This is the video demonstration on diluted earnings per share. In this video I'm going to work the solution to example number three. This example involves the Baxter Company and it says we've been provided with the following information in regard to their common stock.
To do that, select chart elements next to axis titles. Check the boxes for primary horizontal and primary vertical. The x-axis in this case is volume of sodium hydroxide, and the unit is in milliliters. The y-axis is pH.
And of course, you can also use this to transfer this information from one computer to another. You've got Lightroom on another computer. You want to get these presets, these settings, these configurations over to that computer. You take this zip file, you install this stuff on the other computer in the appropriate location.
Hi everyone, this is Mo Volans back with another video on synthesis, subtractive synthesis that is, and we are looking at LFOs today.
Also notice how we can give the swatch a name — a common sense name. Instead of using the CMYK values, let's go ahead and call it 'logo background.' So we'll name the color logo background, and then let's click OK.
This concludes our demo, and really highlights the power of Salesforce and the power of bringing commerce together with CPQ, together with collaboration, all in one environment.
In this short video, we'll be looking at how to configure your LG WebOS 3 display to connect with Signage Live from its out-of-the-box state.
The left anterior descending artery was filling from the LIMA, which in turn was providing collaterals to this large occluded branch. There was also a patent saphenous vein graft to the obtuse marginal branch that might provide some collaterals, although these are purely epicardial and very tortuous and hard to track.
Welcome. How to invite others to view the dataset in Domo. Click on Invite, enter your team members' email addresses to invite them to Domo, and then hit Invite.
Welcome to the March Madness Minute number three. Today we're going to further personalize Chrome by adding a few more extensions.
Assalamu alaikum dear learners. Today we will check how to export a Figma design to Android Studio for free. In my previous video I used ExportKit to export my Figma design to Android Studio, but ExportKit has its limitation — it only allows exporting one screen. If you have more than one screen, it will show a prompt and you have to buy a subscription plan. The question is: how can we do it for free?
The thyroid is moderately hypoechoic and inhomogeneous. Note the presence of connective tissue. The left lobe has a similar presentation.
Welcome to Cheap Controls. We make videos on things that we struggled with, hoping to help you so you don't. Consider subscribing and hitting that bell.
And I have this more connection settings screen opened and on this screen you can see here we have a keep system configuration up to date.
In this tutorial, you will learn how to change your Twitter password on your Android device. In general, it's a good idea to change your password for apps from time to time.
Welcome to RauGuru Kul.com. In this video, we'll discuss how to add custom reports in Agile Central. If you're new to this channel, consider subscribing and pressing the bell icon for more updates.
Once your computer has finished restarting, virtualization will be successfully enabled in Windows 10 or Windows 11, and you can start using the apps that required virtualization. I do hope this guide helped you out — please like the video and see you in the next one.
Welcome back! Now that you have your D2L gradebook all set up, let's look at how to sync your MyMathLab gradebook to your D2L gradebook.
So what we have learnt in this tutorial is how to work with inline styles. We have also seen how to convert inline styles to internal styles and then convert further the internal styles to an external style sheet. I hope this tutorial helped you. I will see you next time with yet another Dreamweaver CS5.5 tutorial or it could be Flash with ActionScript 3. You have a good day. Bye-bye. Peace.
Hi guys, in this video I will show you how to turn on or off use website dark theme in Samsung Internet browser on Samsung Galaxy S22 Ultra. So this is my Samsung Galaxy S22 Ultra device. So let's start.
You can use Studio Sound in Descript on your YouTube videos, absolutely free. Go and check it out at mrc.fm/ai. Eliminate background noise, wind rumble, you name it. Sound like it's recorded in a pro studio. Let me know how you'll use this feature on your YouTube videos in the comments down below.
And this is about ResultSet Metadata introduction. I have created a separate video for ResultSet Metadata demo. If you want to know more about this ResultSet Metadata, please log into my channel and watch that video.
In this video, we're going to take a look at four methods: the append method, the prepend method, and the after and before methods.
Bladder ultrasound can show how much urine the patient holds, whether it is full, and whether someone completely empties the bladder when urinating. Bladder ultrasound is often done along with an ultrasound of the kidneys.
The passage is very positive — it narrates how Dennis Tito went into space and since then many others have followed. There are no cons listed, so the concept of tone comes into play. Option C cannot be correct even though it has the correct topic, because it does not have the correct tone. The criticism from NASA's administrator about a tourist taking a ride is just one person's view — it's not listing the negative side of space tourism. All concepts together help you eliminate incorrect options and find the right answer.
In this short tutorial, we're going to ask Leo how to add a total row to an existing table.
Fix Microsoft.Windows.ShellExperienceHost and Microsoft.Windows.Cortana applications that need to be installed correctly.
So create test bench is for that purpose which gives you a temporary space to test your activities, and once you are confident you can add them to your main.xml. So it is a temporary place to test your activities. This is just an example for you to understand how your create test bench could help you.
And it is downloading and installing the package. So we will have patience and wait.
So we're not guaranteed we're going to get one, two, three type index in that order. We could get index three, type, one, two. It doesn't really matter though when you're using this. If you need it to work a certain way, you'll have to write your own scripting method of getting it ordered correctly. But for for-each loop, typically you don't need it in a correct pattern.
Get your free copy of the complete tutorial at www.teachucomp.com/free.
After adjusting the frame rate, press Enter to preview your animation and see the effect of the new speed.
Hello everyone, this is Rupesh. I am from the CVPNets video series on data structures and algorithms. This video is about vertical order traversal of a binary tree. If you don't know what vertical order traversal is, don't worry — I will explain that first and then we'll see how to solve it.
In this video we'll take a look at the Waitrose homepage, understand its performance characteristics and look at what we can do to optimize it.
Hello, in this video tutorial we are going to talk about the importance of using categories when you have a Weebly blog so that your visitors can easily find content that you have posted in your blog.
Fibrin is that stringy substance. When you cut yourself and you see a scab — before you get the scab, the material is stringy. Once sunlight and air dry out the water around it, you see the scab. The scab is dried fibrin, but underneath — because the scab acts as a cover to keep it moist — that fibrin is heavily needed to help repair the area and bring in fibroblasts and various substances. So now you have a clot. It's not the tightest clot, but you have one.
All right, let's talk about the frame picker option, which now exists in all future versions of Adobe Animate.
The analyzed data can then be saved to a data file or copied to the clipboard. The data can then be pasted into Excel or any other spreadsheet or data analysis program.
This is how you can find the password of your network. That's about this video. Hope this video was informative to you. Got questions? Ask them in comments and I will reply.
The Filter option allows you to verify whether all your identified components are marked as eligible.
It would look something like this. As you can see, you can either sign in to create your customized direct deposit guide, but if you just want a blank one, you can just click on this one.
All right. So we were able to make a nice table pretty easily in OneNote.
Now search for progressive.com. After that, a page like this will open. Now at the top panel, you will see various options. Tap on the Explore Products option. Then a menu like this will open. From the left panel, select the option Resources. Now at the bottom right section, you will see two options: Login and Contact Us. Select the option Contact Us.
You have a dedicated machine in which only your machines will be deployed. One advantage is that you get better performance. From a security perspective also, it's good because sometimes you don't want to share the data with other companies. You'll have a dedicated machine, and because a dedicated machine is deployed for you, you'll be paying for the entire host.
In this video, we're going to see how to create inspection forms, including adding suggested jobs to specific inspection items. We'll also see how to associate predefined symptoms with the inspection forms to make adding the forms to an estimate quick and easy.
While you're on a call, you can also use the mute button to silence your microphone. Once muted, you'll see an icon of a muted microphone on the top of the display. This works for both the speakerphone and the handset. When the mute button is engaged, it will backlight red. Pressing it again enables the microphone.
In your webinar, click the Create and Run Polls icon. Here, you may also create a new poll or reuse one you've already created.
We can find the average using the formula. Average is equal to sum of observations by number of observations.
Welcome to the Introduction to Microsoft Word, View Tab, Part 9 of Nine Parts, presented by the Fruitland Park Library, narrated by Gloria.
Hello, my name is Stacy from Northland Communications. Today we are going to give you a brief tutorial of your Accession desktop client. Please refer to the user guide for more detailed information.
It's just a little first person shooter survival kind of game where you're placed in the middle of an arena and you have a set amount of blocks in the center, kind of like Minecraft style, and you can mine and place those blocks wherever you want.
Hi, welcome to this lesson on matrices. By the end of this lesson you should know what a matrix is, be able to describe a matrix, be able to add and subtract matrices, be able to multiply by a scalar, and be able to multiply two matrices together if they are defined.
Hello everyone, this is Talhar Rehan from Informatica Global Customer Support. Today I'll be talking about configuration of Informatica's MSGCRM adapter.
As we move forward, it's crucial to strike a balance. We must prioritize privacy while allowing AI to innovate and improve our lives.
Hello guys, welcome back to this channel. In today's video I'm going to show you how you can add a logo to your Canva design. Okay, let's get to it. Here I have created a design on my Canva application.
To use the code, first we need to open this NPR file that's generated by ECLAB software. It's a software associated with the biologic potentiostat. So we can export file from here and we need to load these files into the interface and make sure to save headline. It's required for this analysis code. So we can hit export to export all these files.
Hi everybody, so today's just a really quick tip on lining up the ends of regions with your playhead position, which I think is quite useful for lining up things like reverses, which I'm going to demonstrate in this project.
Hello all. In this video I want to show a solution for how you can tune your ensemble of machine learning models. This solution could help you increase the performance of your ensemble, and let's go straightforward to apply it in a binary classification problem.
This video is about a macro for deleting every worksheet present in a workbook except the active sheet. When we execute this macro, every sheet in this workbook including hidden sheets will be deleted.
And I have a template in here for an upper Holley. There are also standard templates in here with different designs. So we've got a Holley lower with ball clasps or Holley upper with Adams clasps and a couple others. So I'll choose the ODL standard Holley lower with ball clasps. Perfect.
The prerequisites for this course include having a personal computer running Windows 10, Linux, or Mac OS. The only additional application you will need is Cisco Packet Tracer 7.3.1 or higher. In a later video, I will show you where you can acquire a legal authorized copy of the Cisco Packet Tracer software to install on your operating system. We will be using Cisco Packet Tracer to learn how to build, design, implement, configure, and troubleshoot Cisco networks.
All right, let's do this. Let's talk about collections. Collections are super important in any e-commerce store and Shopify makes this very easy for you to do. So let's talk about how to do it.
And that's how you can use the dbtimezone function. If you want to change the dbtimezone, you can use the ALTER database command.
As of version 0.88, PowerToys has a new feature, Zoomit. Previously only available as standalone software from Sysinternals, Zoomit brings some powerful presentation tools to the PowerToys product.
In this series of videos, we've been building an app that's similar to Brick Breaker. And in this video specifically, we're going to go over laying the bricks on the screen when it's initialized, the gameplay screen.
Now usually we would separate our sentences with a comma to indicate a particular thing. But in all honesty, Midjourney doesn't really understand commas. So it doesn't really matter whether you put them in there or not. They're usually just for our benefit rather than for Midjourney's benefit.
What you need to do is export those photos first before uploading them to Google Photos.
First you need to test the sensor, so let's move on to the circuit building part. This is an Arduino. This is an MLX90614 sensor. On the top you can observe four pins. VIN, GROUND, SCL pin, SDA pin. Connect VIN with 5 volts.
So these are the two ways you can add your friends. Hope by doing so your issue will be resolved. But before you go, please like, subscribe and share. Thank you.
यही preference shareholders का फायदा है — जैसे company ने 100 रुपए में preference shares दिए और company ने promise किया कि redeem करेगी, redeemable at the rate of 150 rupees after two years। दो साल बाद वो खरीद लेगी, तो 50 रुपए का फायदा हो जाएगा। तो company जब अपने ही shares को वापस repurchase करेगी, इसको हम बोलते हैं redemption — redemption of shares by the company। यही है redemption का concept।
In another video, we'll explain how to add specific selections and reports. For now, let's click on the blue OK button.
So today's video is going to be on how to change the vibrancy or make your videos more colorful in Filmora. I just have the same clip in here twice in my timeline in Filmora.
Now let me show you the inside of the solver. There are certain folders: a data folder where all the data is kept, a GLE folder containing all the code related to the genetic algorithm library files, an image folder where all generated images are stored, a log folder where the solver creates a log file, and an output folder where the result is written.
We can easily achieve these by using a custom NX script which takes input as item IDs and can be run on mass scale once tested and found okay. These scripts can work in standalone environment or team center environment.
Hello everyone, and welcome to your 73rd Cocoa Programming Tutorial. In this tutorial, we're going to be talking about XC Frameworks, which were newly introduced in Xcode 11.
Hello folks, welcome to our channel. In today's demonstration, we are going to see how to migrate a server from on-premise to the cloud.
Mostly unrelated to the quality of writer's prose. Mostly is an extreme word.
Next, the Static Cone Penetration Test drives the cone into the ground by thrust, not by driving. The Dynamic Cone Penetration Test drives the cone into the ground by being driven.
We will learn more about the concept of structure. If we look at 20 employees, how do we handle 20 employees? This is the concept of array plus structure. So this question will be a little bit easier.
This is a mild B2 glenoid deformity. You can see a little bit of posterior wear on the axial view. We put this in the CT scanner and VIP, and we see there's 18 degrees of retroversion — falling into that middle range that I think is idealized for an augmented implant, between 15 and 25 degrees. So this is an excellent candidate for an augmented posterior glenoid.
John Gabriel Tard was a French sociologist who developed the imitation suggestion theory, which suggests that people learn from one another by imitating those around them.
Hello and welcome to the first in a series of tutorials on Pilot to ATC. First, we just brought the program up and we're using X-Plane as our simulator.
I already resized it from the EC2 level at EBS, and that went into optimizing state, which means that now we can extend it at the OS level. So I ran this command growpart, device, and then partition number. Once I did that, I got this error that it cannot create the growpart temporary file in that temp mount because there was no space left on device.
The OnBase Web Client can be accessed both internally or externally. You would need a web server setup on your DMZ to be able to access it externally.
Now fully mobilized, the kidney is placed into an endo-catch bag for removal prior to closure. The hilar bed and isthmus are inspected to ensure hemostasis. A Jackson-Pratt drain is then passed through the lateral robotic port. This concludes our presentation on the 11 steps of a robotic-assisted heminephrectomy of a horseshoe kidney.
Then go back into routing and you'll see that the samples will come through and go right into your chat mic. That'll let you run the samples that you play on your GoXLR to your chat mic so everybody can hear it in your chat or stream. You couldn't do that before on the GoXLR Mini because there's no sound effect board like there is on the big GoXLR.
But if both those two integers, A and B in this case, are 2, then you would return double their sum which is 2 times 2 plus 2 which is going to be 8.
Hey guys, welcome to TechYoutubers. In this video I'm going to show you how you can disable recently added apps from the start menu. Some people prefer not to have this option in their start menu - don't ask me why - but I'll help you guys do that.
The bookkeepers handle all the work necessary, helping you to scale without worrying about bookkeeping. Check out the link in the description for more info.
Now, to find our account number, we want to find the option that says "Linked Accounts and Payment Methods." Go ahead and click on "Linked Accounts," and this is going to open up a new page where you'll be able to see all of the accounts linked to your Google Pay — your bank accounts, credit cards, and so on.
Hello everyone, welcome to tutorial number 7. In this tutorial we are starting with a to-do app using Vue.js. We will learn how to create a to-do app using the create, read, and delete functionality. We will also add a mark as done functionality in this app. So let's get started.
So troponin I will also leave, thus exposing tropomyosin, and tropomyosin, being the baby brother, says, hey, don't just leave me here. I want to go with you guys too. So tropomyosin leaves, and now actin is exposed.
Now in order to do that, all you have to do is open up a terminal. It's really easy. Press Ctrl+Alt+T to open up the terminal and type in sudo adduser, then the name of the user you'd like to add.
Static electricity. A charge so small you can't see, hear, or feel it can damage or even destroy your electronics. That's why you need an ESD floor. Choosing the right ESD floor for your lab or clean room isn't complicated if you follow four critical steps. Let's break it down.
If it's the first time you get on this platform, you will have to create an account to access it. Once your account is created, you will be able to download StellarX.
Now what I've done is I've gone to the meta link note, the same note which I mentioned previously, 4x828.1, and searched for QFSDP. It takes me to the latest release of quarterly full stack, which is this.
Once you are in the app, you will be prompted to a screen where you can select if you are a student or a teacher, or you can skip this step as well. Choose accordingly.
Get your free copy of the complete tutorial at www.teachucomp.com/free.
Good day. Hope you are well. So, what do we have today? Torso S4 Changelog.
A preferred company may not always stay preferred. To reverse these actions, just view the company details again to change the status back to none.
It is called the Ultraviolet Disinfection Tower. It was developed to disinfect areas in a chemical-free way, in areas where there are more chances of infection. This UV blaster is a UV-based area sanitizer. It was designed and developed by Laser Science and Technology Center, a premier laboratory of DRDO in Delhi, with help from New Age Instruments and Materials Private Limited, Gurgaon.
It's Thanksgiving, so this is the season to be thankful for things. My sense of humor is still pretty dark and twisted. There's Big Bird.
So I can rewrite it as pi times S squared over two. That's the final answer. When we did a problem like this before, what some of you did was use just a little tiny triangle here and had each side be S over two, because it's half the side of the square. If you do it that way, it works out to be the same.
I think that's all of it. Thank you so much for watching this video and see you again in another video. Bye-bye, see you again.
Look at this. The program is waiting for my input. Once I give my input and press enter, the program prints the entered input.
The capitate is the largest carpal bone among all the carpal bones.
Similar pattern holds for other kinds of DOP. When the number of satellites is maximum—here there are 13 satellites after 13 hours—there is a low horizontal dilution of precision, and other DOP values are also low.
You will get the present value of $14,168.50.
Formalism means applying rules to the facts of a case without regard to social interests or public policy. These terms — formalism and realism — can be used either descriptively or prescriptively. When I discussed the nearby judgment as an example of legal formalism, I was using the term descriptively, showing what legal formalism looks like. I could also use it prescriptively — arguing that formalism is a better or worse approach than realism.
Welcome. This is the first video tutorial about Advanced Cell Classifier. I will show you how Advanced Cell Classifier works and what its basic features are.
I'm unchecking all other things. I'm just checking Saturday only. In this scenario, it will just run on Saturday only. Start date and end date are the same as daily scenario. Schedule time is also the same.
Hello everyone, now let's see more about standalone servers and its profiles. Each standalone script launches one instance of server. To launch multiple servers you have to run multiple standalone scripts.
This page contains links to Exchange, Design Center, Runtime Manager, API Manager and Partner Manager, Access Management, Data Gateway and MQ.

· · ·

→ Work required
Extract every line from the records above that contains the word "server".

→ Response box
Hello folks, welcome to our channel. In today's demonstration, we are going to see how to migrate a server from on-premise to the cloud.
The OnBase Web Client can be accessed both internally or externally. You would need a web server setup on your DMZ to be able to access it externally.
Hello everyone, now let's see more about standalone servers and its profiles. Each standalone script launches one instance of server. To launch multiple servers you have to run multiple standalone scripts.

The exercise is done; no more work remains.